══ Extracted entries ══

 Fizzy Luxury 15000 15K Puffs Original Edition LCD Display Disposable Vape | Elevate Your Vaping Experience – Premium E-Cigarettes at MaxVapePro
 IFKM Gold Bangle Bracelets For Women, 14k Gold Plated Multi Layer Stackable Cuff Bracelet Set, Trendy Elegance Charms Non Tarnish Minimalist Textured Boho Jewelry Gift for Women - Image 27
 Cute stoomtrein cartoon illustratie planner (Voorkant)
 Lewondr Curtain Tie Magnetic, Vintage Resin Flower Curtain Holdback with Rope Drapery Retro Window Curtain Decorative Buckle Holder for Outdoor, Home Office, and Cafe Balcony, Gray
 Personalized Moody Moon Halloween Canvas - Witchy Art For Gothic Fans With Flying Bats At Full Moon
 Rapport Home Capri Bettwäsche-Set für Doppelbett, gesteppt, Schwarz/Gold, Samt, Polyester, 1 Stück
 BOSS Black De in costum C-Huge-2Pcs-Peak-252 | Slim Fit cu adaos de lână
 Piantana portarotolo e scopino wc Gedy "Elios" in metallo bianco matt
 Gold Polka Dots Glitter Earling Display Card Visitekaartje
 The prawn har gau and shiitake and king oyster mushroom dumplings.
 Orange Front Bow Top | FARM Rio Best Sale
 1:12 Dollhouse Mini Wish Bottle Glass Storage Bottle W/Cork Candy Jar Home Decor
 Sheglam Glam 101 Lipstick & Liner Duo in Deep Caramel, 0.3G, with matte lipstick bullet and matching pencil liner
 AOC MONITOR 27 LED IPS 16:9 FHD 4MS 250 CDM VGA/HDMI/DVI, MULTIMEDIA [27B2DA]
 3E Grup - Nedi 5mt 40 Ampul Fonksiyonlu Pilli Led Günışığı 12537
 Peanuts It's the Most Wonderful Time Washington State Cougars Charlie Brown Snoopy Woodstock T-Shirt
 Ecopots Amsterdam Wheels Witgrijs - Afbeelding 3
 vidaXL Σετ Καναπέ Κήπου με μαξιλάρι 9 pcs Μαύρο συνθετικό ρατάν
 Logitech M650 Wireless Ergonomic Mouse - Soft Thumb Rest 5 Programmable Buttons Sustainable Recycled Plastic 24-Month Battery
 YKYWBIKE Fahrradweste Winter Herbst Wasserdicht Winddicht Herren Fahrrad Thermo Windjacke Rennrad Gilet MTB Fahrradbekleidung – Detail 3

═══

• **Problem details**:
Which of the lines above hold the string "Display"? Copy each one.

• **Result below**:
 Fizzy Luxury 15000 15K Puffs Original Edition LCD Display Disposable Vape | Elevate Your Vaping Experience – Premium E-Cigarettes at MaxVapePro
 Gold Polka Dots Glitter Earling Display Card Visitekaartje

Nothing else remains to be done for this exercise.